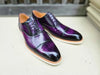Cap Toe Oxford in Lightweight Sole 7 KS511-11GRAY85  - from alligatorwarehouse.com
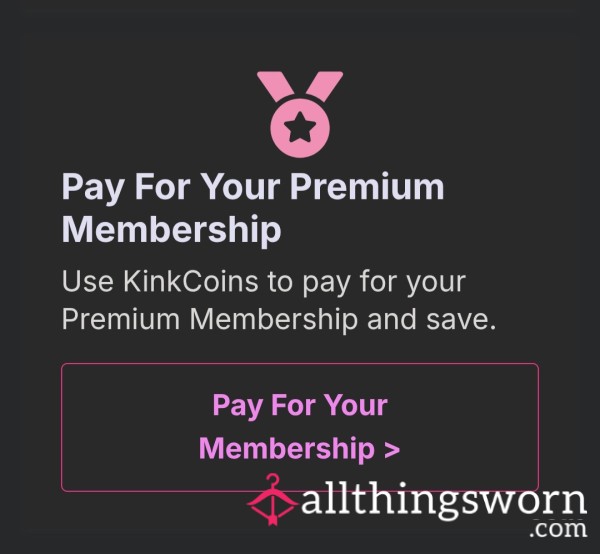 Membership Is Due Very Soon!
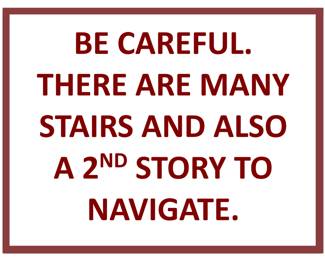 FabFindsAdSignMany Stairs to Navigate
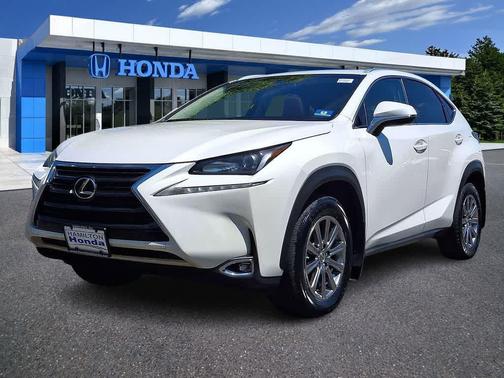 Eminent White Pearl 2017 Lexus NX 200t Base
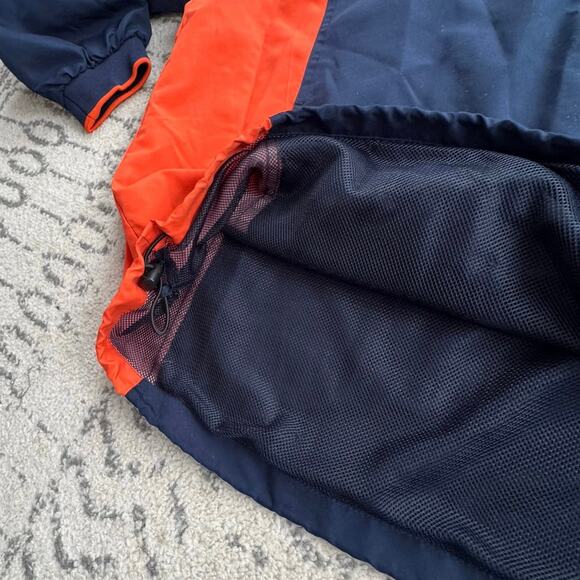 Campus Specialties University of Illinois Fighting Illini Windbreaker Pullover M - Picture 7 of 10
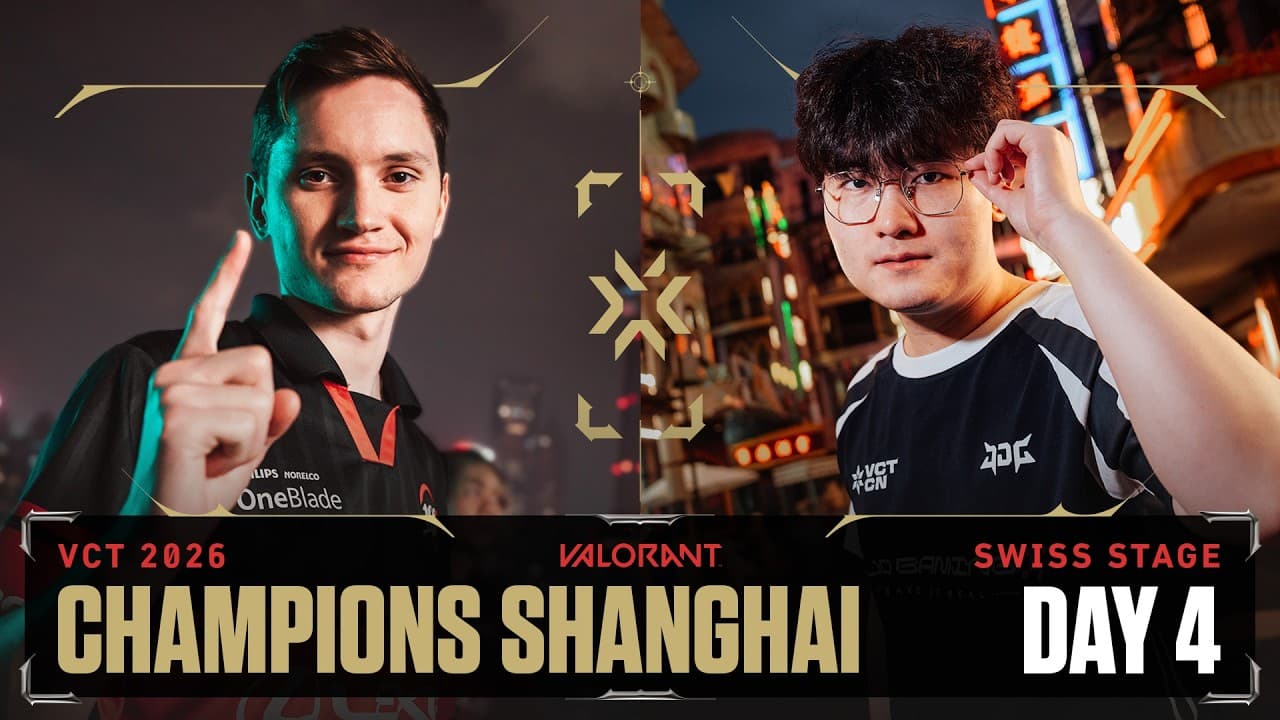VALORANT Champions Shanghai — Group Stage - Day 4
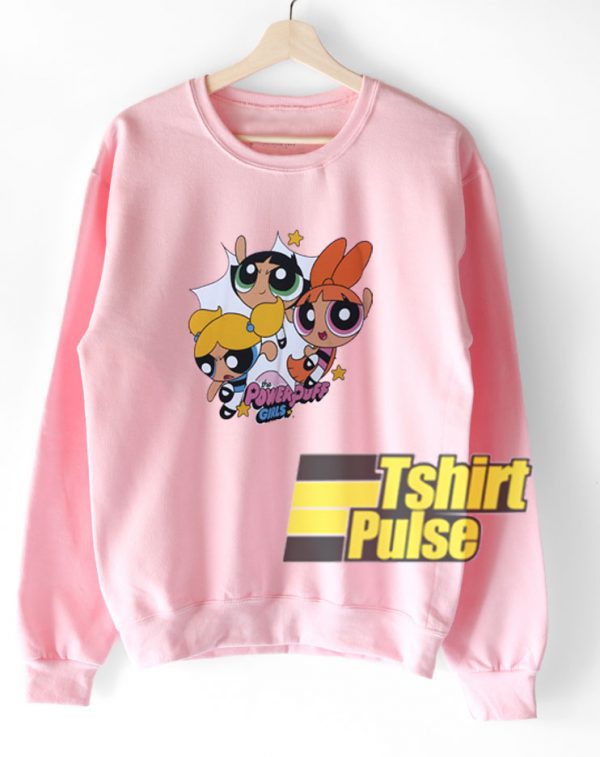 Powerpuff Girls x Daisy Street sweatshirt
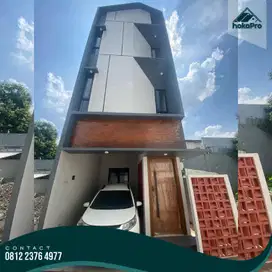 RUMAH APARTHOUSE EKSLUSIF MURAH DIJUAL 3 LANTAI DI CILANDAK, JANTUNG KOTA JAKARTA SELATAN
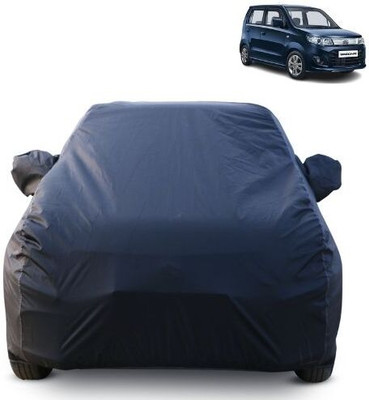 BOTAUTO Car Cover For Honda WR-V (With Mirror Pockets)(Blue)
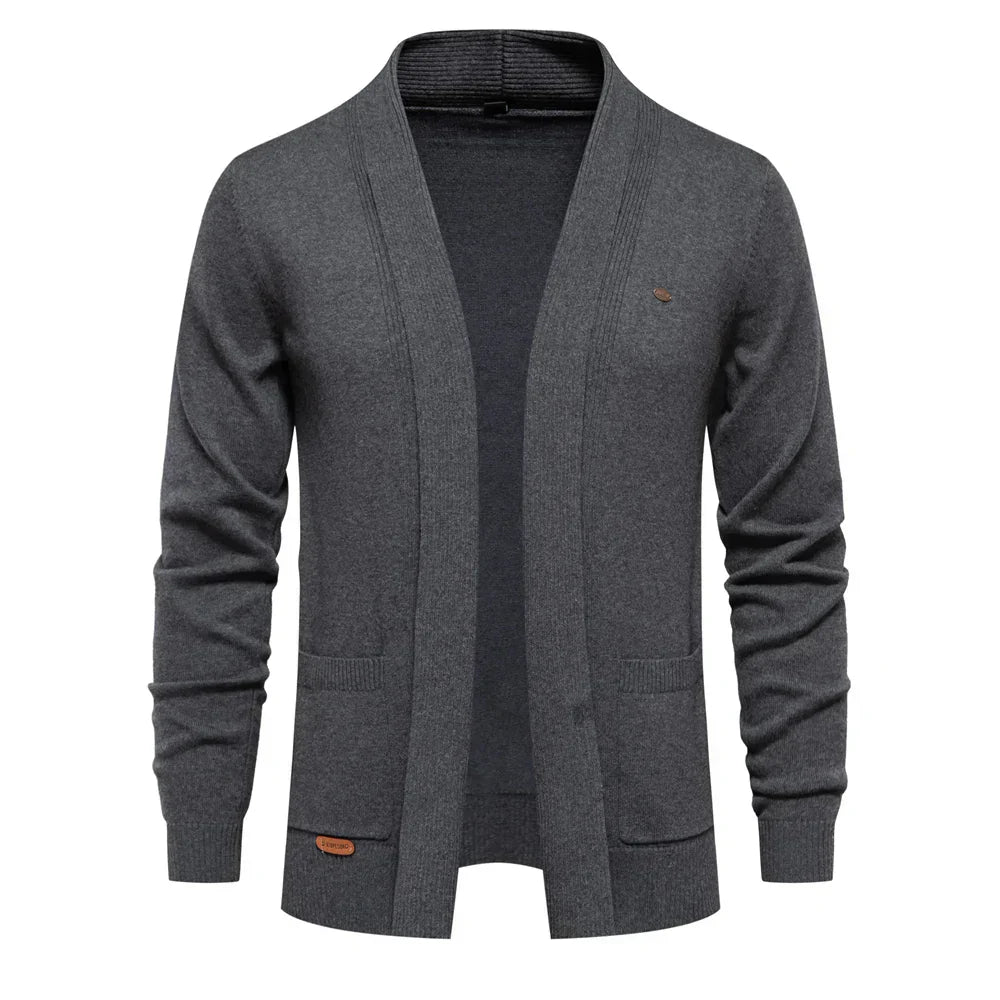 Stilfuld herrecardigan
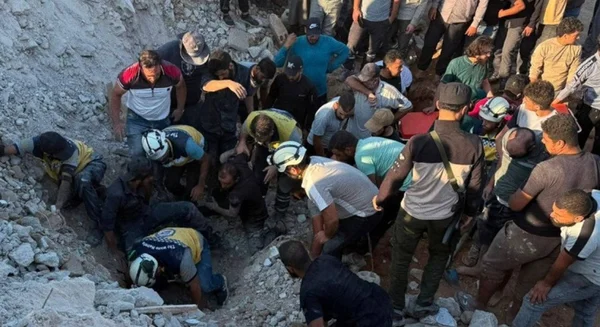 انتشال جثمان طفل سقط في بئر مكشوفة بريف حمص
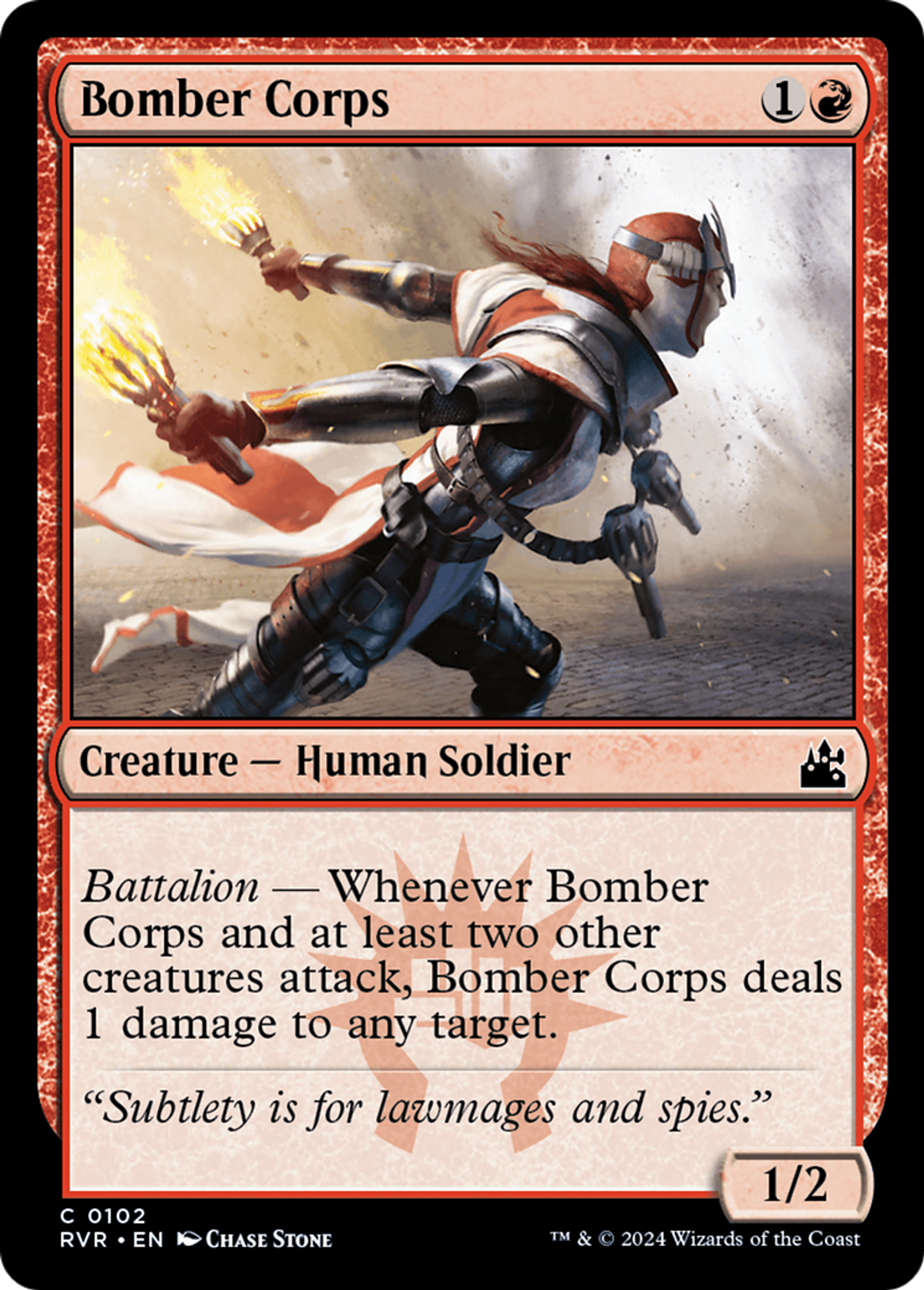 Corps de bombardiers — Ravnica Remastered — Magic: The Gathering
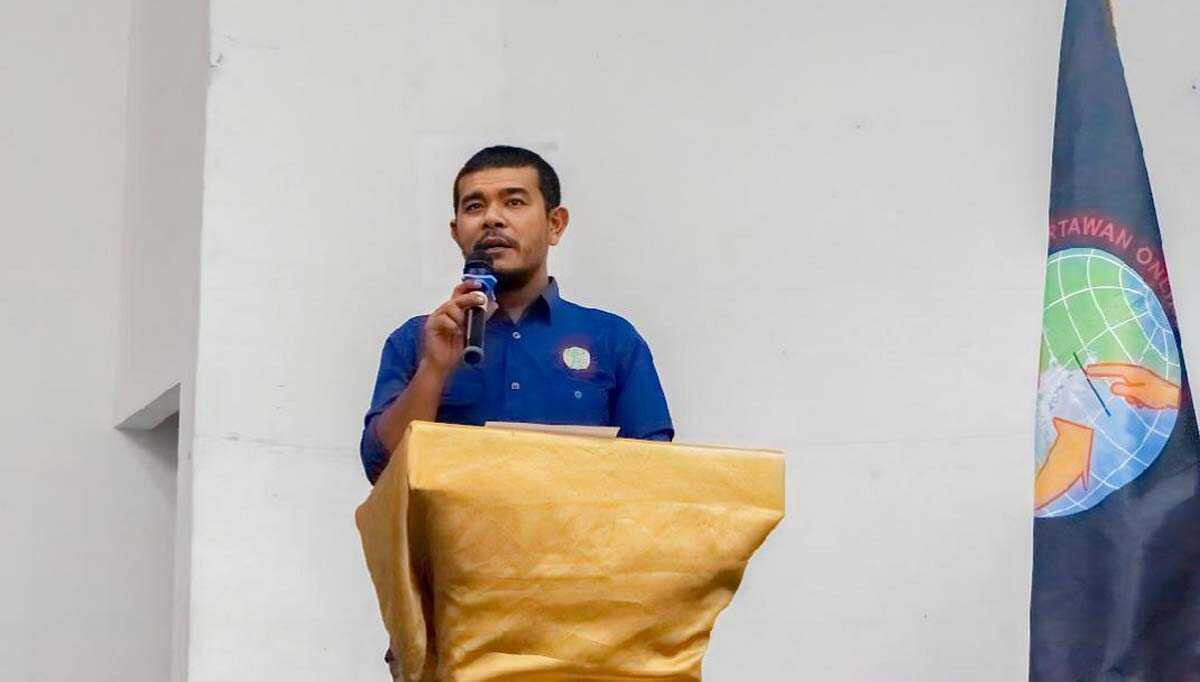 yudhistira Ketua Umum Ikatan Wartawan Online (IWO) Teuku Yudhistira (Dok IWO)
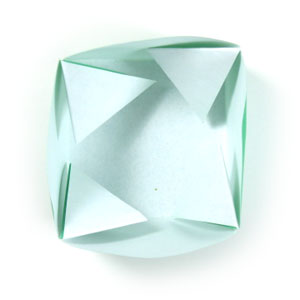 17th picture of traditional origami cube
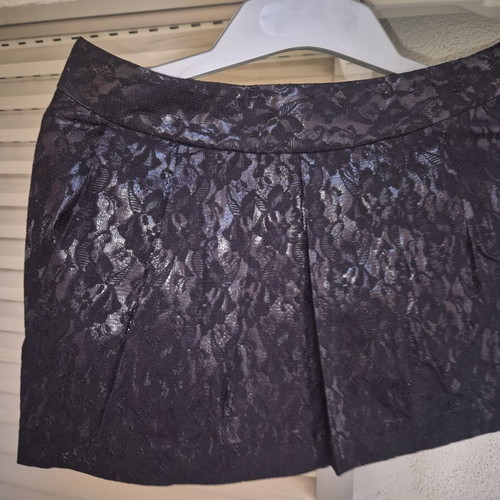 Armani Exchange Mini Skirt like new, black, size M 38 10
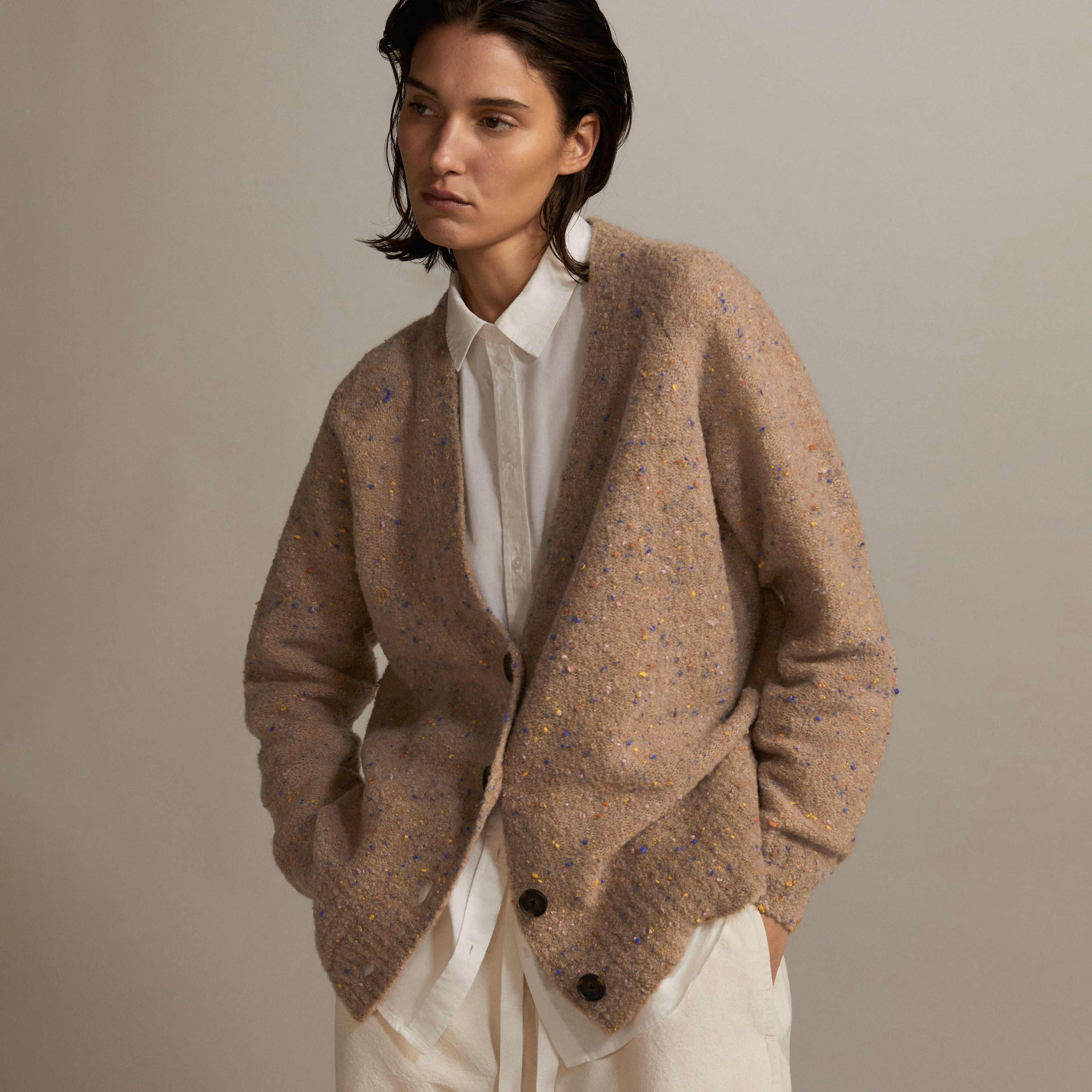 The Confetti Cardigan | Everlane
....
▸ Work to complete
The lines wanted run from the one with "yudhistira Ketua Umum" through the final line of the data; repeat them word for word and skip every picture.

▸ Solution below
 yudhistira Ketua Umum Ikatan Wartawan Online (IWO) Teuku Yudhistira (Dok IWO)
 17th picture of traditional origami cube
 Armani Exchange Mini Skirt like new, black, size M 38 10
 The Confetti Cardigan | Everlane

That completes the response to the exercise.